Marvel NOW! has done a noteworthy job of changing up the status quo of the Marvel Universe without pressing the dreaded reset button. They shifted around creative teams, coinciding those changes with the relaunch of many of their titles, some of them very long-standing. I was a little nervous about this at first, but being the long-time Marvel devotee I am, I was willing to go along with it.
At this point, I’m very happy I did.
There have been several very gripping storylines and titles that have come out of this change. Bendis is wading into the X-Men after years as a scribe for the Avengers, Jason Aarons is already making a huge mark with Thor, and now we’ve got Matt Fraction moving into the long-held history of the Fantastic Four in both relaunches of Fantastic Four and FF #1. It’s as good a jumping on point as any, especially for an FF novice such as myself.
The cover of this issue isn’t unfamiliar to most of us, as it’s an image of the four stand-ins for the Fantastic Four: Ant-Man, She-Hulk, Medusa, and Miss Thing, rendered against a cityscape by Michael Allred in a clean, Golden Age style that he brings to the rest of the book. It’s clearly a promotional image, especially as you read through the story–Miss Thing technically doesn’t make an appearance in this issue–but it sets up who we’ll be reading about, and clearly introduces us to the visual style of the title.
The basic plot is the coming together of the team. Reed is planning an “educational trip” for the Fantastic Four (for the details on that, look to Fraction’s Fantastic Four #1), and needs a replacement team for the four minutes they’re expected to be gone from the universe. To that end he, Sue, and Ben talk to Ant-Man, Medusa, and She-Hulk, respectively. This action is interspersed with close-up shots of the various children from the Future Foundation, explaining what they think the Future Foundation is, as well as who they are, to future member Scott Lang–Ant-Man.
Medusa and She-Hulk have no problem agreeing to stand in for them, but Ant-Man, who is still reeling from the loss of his daughter Cassie, at first has difficulty accepting that he’d be responsible for the children of the Future Foundation while he’s heading up the team. He starts to leave, but sees from one of Reed’s displays monitors that someone–Reed–is sick, and that is the primary motivator for his trip for the Fantastic Four. Realizing what’s at stake, Ant-Man finally agrees to lead, and starts off by asking the children to teach him what the Future Foundation is and what it does.

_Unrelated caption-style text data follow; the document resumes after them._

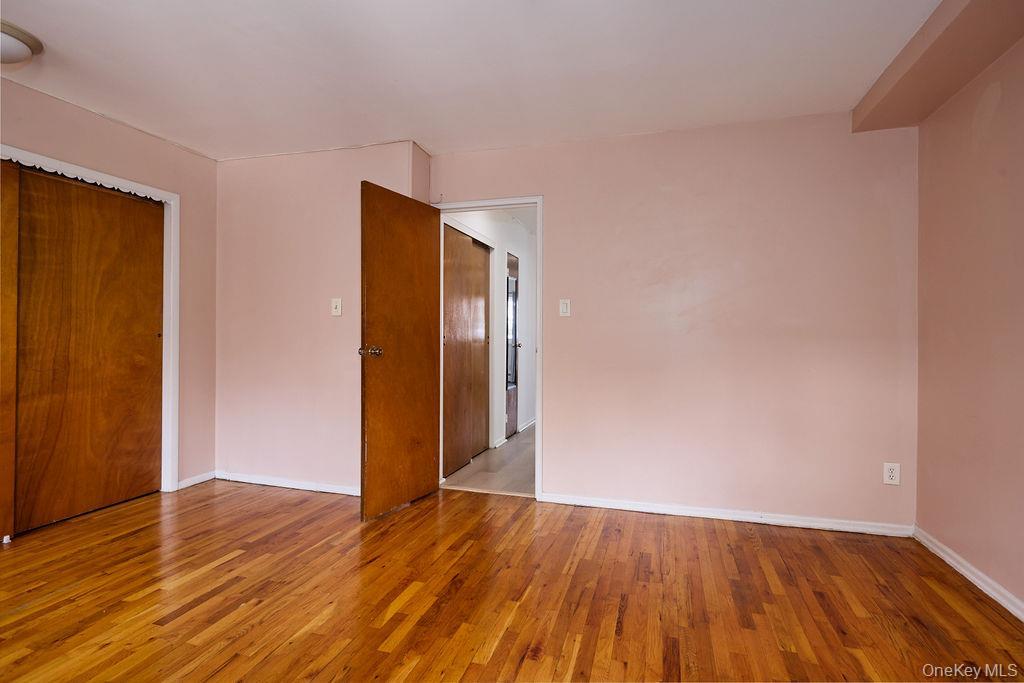 Single Family Throggs Neck Boulevard Bronx, NY 10465, MLS-1038811-17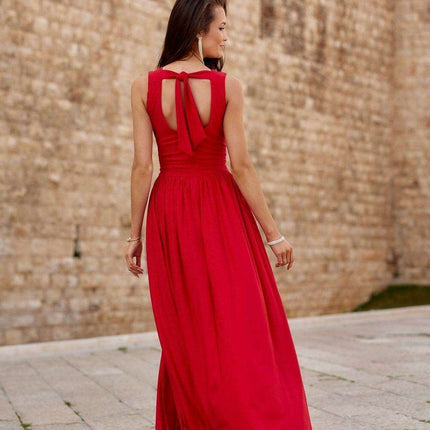 Sparkling Brocade Evening Gown with Elegant V-Neck Design - Très Elite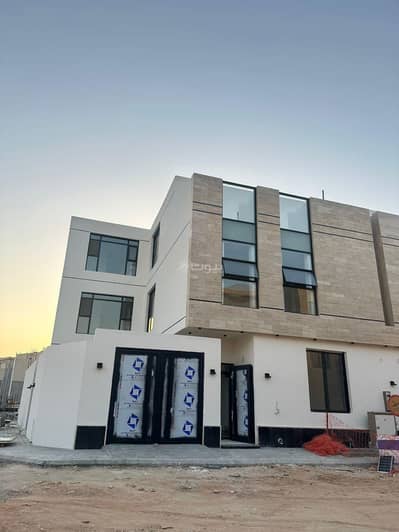 5 Bedroom Villa for Sale in West Riyadh, Riyadh - Modern villa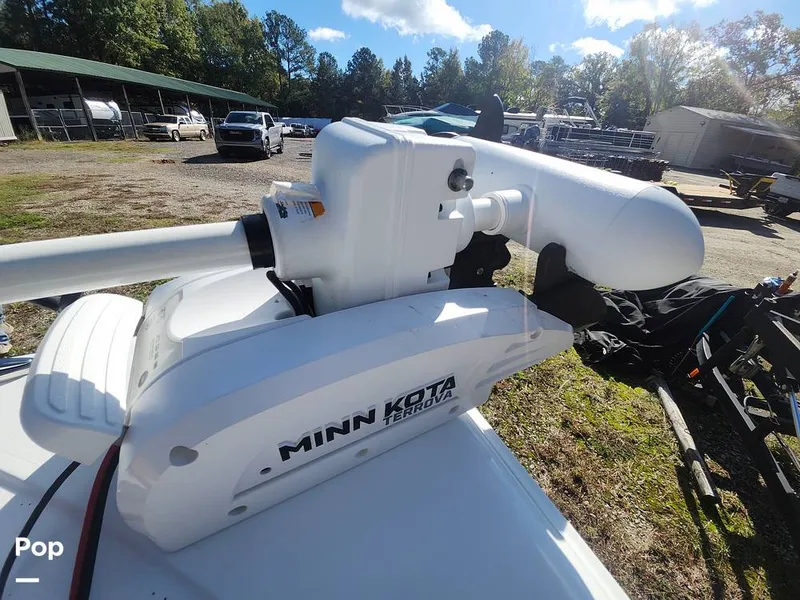 Slide: The Image of Sea Hunt Ultra 229 2021 - 16008152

It’s not a very action-packed issue, and we clearly see that it’s not complete in terms of bringing everyone together, but it’s a good setup nonetheless. What Fraction appears to be doing here is lining up the dominoes and laying out reasons why we should care about these characters as events transpire. I’ve seen a lot of people call this a “talking heads” issue, which I agree it is, but I don’t think the point of comic books–or any storytelling medium–is supposed to be action, action, action all the time.
I’m not going to care one lick about the action if I don’t care about the characters participating, and I think that’s Fraction’s intent here. Whether it’s Medusa’s concerns about her family, Scott Lang’s angst regarding the loss of his daughter and taking on the responsibility for a group of children, or She-Hulk’s simple need to let off a little steam, he’s establishing who they’re going to be in the context of this series. I’m trusting that this will pay off later, and in the meantime it makes for its own form of fascination.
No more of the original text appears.